- Problem details: Give back an exact copy of the lines in the records below, from the line that has "Water Bottle 540ml, Vacuum" through the line that has "Imagem de Snack", and nothing besides.

- Information given:
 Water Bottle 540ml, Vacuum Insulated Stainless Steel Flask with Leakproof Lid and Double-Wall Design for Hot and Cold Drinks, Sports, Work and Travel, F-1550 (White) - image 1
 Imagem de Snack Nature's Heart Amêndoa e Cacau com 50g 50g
---
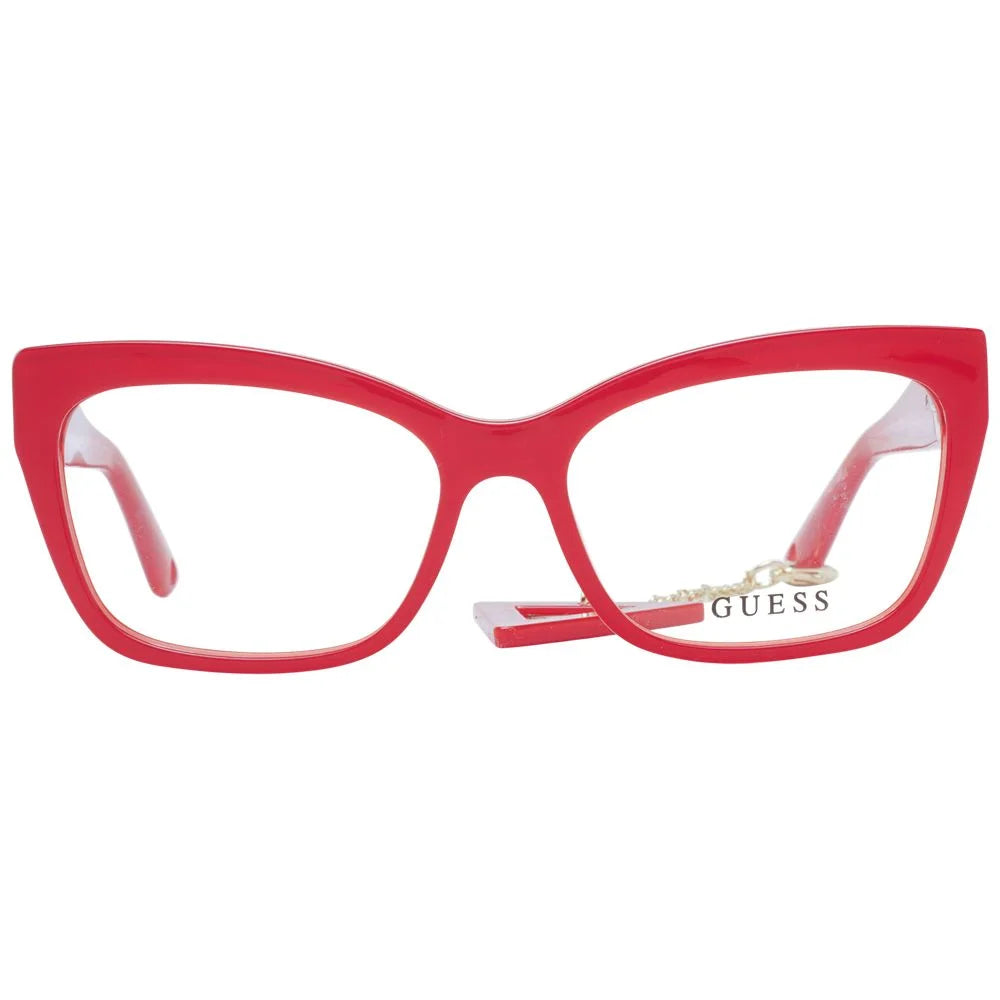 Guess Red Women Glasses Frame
--
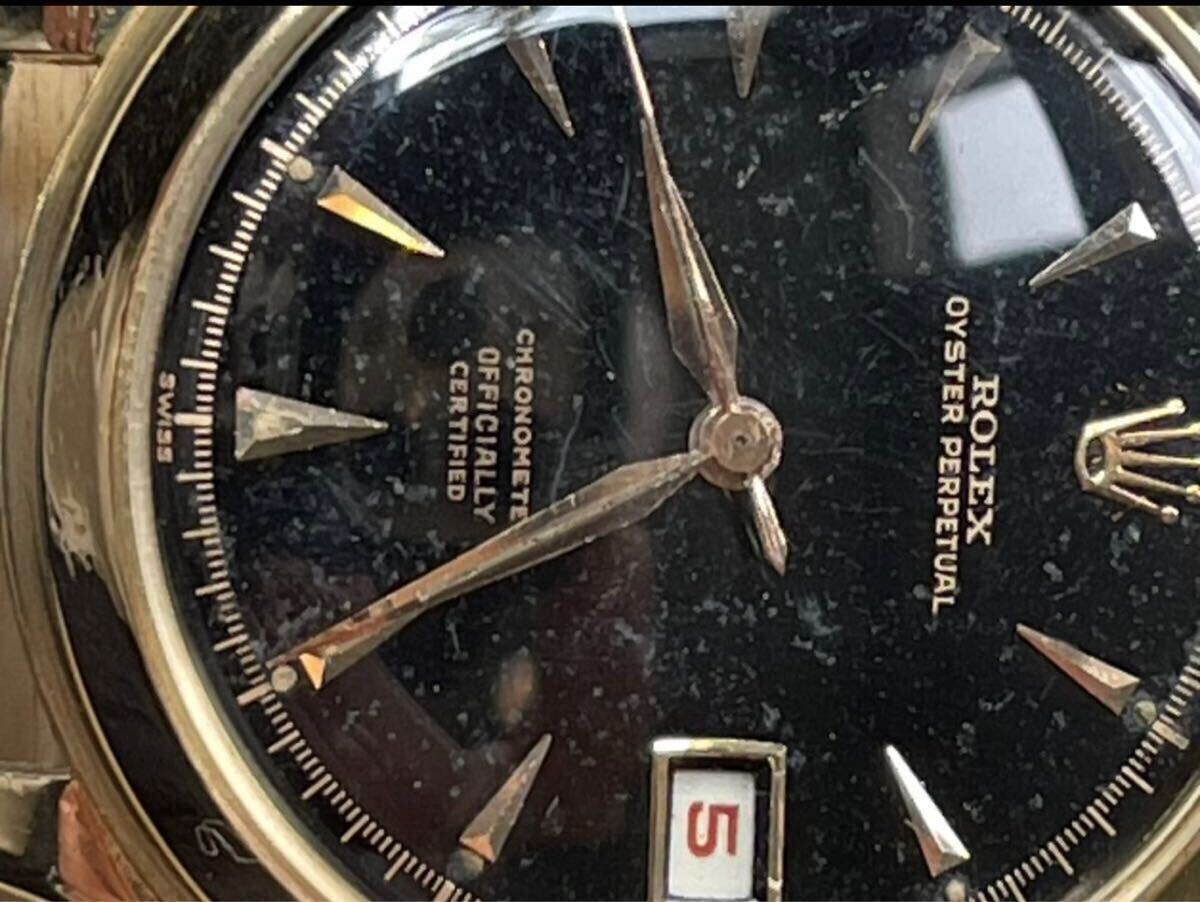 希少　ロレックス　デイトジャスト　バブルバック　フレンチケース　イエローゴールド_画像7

- Exercise answer:
 Water Bottle 540ml, Vacuum Insulated Stainless Steel Flask with Leakproof Lid and Double-Wall Design for Hot and Cold Drinks, Sports, Work and Travel, F-1550 (White) - image 1
 Imagem de Snack Nature's Heart Amêndoa e Cacau com 50g 50g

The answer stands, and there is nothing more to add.